We're told that everyone for miles around knows of the tale, but that doesn't stop a young man, on his way home, from stopping to give Ghostie Girl a ride and ending up going straight to Hell himself. As with many of the fright shows proliferating this season, the special effects on "Supernatural" are easily as graphic and gory as those in a PG-13 horror movie.
The details of the woman in white's saga, whether shown or discussed, are ghastly. She is a member of a spook subculture, we are told, made up entirely of women who went mad and, during unspeakable rages, murdered their own children. Now their spirits wander the world seeking some kind of reconciliation.
There isn't much in "Supernatural" to engage viewers older than Sam and Dean, but it's certainly not the worst of the new troop of spookers. Dean may be an obnoxious boor, but he does get some of the better lines, as when Sam scoffingly remembers Dad long ago telling him not to be afraid of the dark. "Don't be afraid of the dark?" says Dean, who's now doing the scoffing. "Are you kidding me? Of course you should be afraid of the dark!"
Yes. And there's so much of it -- especially on TV.
Naturally the lads help close the book on the woman in white and her homicidal hitchhiking. Now Kripke needs an excuse for Sam to stay with Dean and continue their nomadic brotherly misadventures. Dean apparently can't get Sam to commit to that just on the basis of locating their father, so Kripke throws a big fireball into his life that virtually forces him to reenlist. It's a pity that this involves removing Jessica, the only truly attractive character in the group. A Smurf T-shirt never looked better than it did on her.

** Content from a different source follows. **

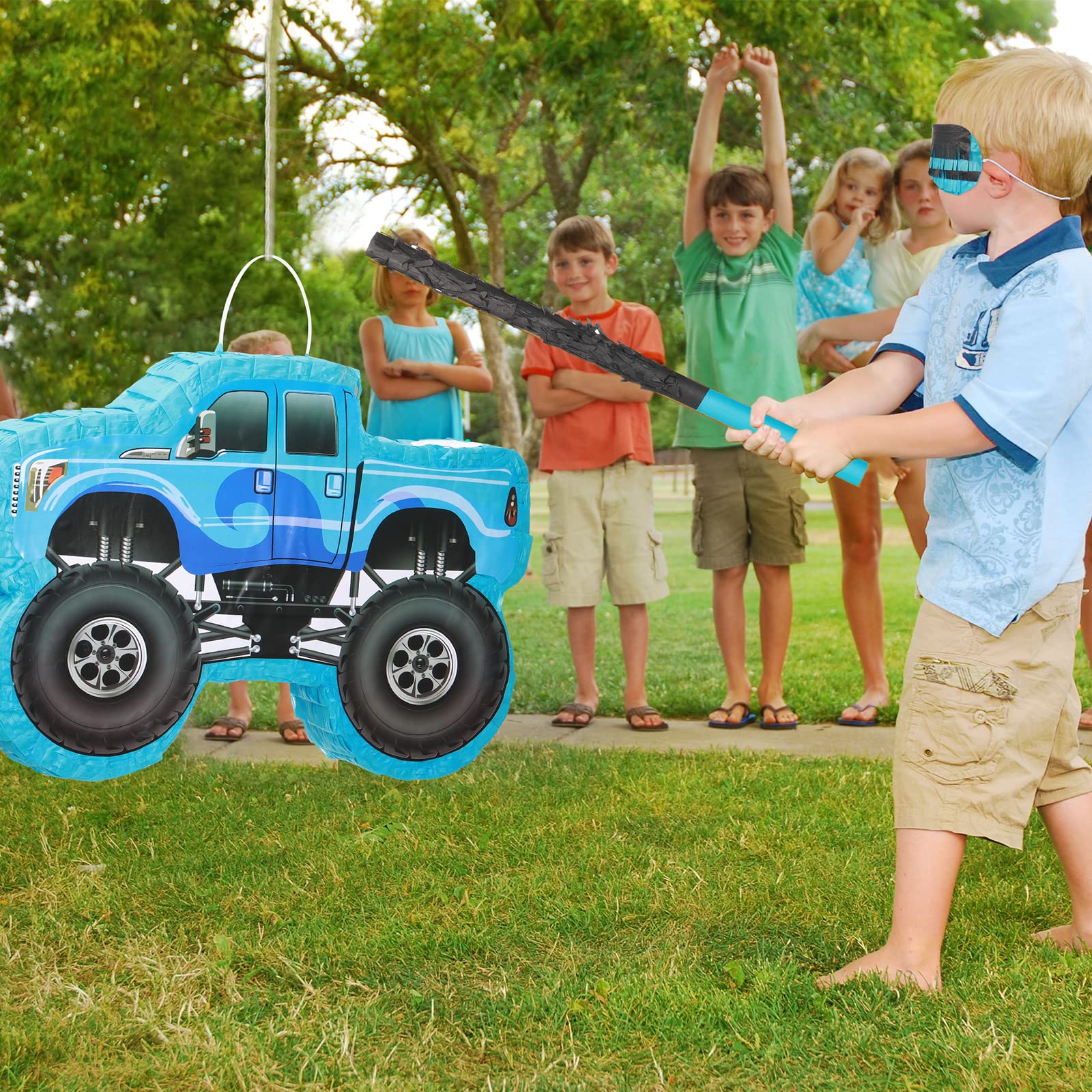 Small Truck Pinata Birthday Truck Pinata for Kids Construction Pinata with Stick Blindfold Confetti Boys Birthday Party Supplies for Carnival Events Fiesta Decor Games,15.7 x 11 x 2.4 Inch (Blue)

"Supernatural" definitely gets the job done, but it's highly debatable that it's a job worth doing.
We can safely assume that, given the great success CBS has had with its collection of "CSI" crime dramas, executives at other networks have been wondering aloud, "Why don't we have a CSI show, too?" Now, Fox does: "Bones," a dizzy and grisly bummer set in Washington, premiering tonight at 8 on Channel 5.
As the title suggests, the principal crime solvers on this show confine themselves primarily to the skeletal remains of victims, not their severed ears or toes. The heroine, unlikely in every detail including her name, Temperance Brennan (Emily Deschanel), goes about reassembling corpses and then divining how they got to be that way. It's precise, tedious work and so is watching this show.
Deschanel is a bland transparency in the lead role, and Temperance has been intemperately conceived as among the most super of the season's army of superwomen. It's not enough that she is the world's leading forensic anthropologist (and how many of those are there, really?), she also has to be a best-selling crime novelist, a crack shot with any kind of gun and a bullying master, or mistress, of martial arts. There's nothing she can't do except be believable.
She teams up with an old-fashioned, earthy FBI guy played by David Boreanaz, alternately leaden and wooden, and sexual sparks start to fly almost at once. Of course, there are other sparks, since the drama depends on special effects in the way the "CSI" shows do. One that's genuinely nifty is a machine that makes revolving, golden-hued holograms representing the dead people, as indicated by those skeletal remains.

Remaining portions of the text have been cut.